How Well has the Coalition Government Managed Early Years so far?

  • How Well has the Coalition Government Managed Early Years so far?

The Coalition Government has celebrated its first birthday; what shall we write in its card? June O’Sullivan offers some suggestions…

At the beginning of May, the government celebrated its first birthday, rather quietly. No sign of a Smarty Arty or a party magician. Perhaps they decided to continue the frugal, austere tone of the first year and so there was no place for any razzmatazz.

This year has certainly been tough for the sector. The Coalition came to power warning us of the dire consequences of a public debt of £1,000,000,000. They told us that we had little choice but to join together and help the government get us on a stable economic footing. If we didn’t, the very children we knew and cared for would suffer far into the future. As a sector, we responded constructively to the public cuts and efficiencies implemented to help reduce the debt. However, we’re far from safe. There’s more to come.

Many of us were keen that a new government would just settle in and not try to change everything (the previous government introduced much that was very good for children), and happily it hasn’t. Our new minister, Sarah Teather MP, appeared to value the importance of universal care and education for three- and four-year-olds, although she describes it as ‘school readiness’, which caused some consternation (we all know that early childhood is a period of life in its own right; it’s not a preparation for anything). She committed the government to extending the two-year-old pilot. I was delighted, as the pilot has been a very helpful and correctly funded project which has touched the live of many of our poorest families.

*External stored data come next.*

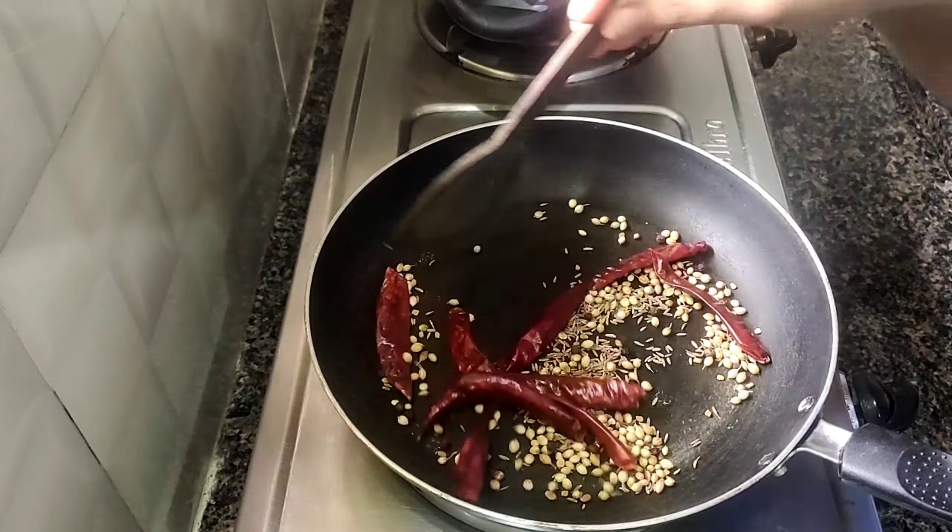We need to prepare a pan on the gas. It's about 15-20 tablespoons in our pan. First we cook the pan with 1 tablespoon. Then cook the pan with 15-20 tablespoons. Let's cook the pan with 1 teaspoon of sugar and prepare the base.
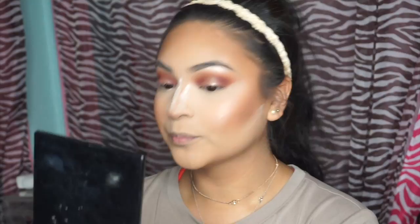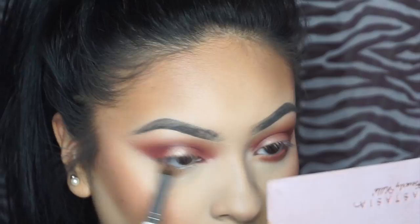For my lower lash line, I'm going to go in with the same exact colors I used on my eyelid.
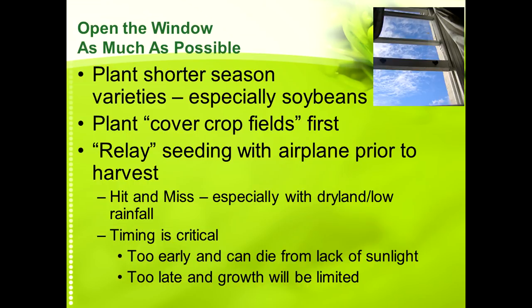Aerial seeding is a possibility but it's kind of hit and miss, especially with dry land or low rainfall — it works less and less as you move west unless you're irrigated. Timing is very critical: go too early and you'll suffer from lack of sunlight with small plants; go too late and your growth will be limited. It can work well, but it does not work well consistently — it's very weather dependent and it is better if you have irrigation and higher rainfall.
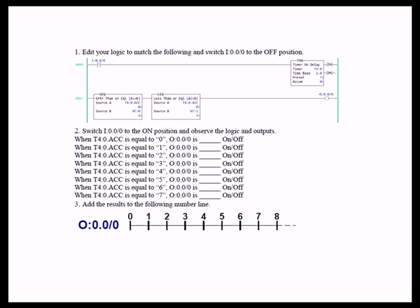We have a timer that we enable with input zero, with a one-second time base, which gives us time to watch the accumulate increment. You could change that TON to an RTO, toggle input zero, wait for it to increment by one, then turn it back off so it holds and you can compare more easily. With one-second increments between glances, it's simple enough to follow.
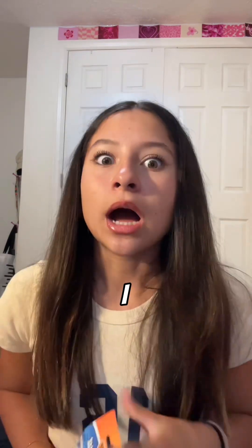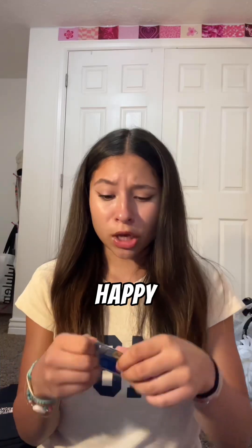I got white out because I literally needed it so bad last year but just never bought it for some reason. I'm so happy I got it. I can't open it — where did my scissors go?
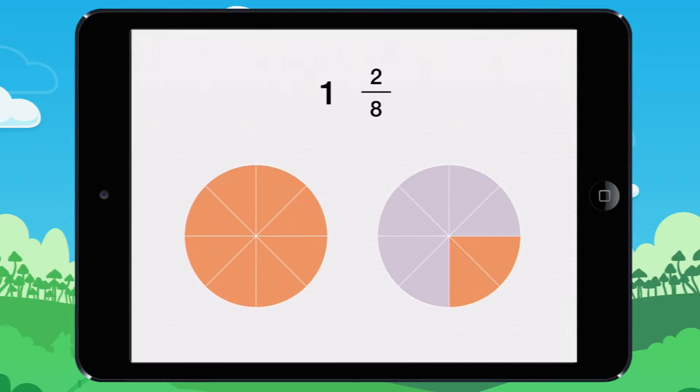That means you get 1 and 2 eighths. 6 eighths plus 4 eighths make 1 and 2 eighths.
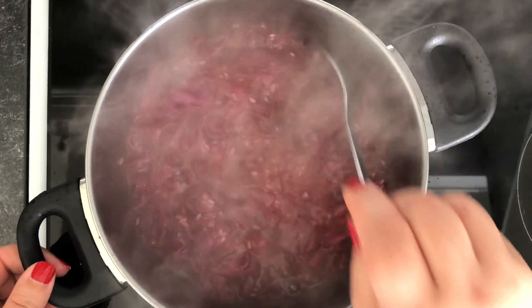Once your cabbage is wilted down and you have a good caramelization going, pour your sumac water in with the cabbage and bring it to a boil. Use a sieve to catch the sumac berries, taste the broth to check for salt, and when it's boiling, add your washed rice. I didn't soak mine ahead of time, but I washed it thoroughly until the water ran clear. You can soak it for 20 to 30 minutes if you like, but use less water when cooking.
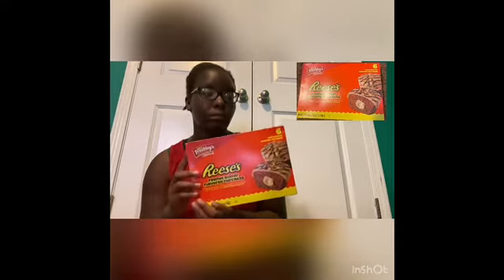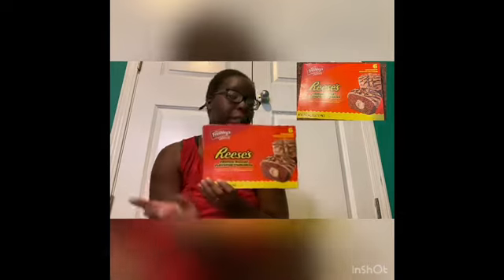To buy this box, you can go to your local Family Dollar or Walmart — I mainly got mine at Family Dollar, look near the front by the cash register. I don't remember exactly how much I paid for it, but if I remember I'll put the price on the screen under the picture in one of these corners. But other than that, it's really good.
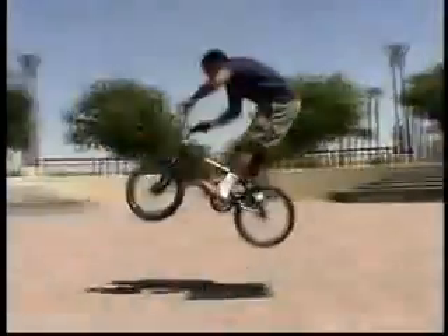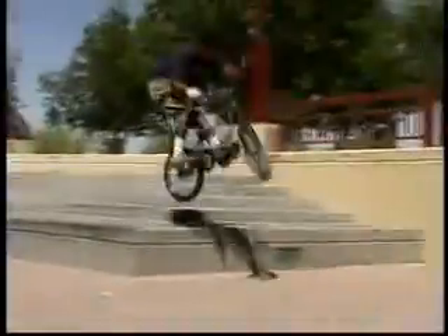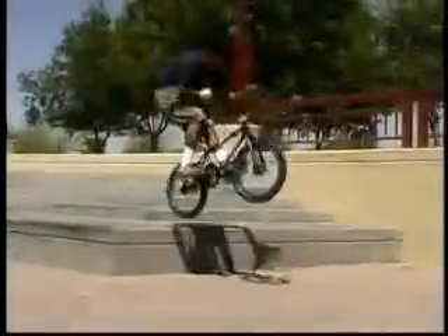And then you can take it to small ledges, off of sidewalks, and eventually huge gaps.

That said, we’ve had five significant reports, which seem to be the framework for a strategy. Graham Allen pushed the importance of parenting and reinforced the principle of early intervention. As my grandma would say, “A stitch in time saves nine”. Frank Field examined how we address child poverty now that it’s increasing again. The Munro report looked at safeguarding and how to avoid any more children being murdered within their families. The Wolf report examined how we support young learners and apprentices, many of whom are trainees in our nurseries. Finally, the Tickell Report reviewed the EYFS. Tickell listened to the 3,300 people who responded and kept the majority of the EYFS with some minor changes – a relief, as it’s a good document.

So, what do we put on the birthday card?

● Great about universal childcare and education, but remember it’s only useful if it’s good quality and that care and education remain integral. Early years is not just about education.

● Well done for the two-year-old pilot. Make it universal, but ensure those children go to settings which understand and like two-year-olds. Link the offer to parent support, including opportunities for training and work.

● Child poverty is reduced when parents work. Keep a wide range of properly-funded childcare and education support, including holiday and after school services.

● Make Children Centres multi-generational and open to local people so they can contribute as well as access friendships, advice and happy experiences. Children Centres need to be central to reducing isolation and creating community networks.

● Don’t give up on training and development; quality is the core of what we do. Make sure our qualifications have child development at the core. Keep the Graduate Workforce idea, and ensure all leaders of services have a relevant degree and the right level of experience.

● Graham Allen MP has pushed for measurement, social investment and payments by results. Work with us on this. Don’t lumber us with complex monitoring systems that take us away from children. Don’t lose sight of what it is we’re really here to do.

Happy Birthday, Coalition, from the early years sector – remember to send us a party bag of cake, chocolate, bubbles and a yo yo, so we can have a little fun.

June O’Sullivan is the CEO of the London Early Years Foundation.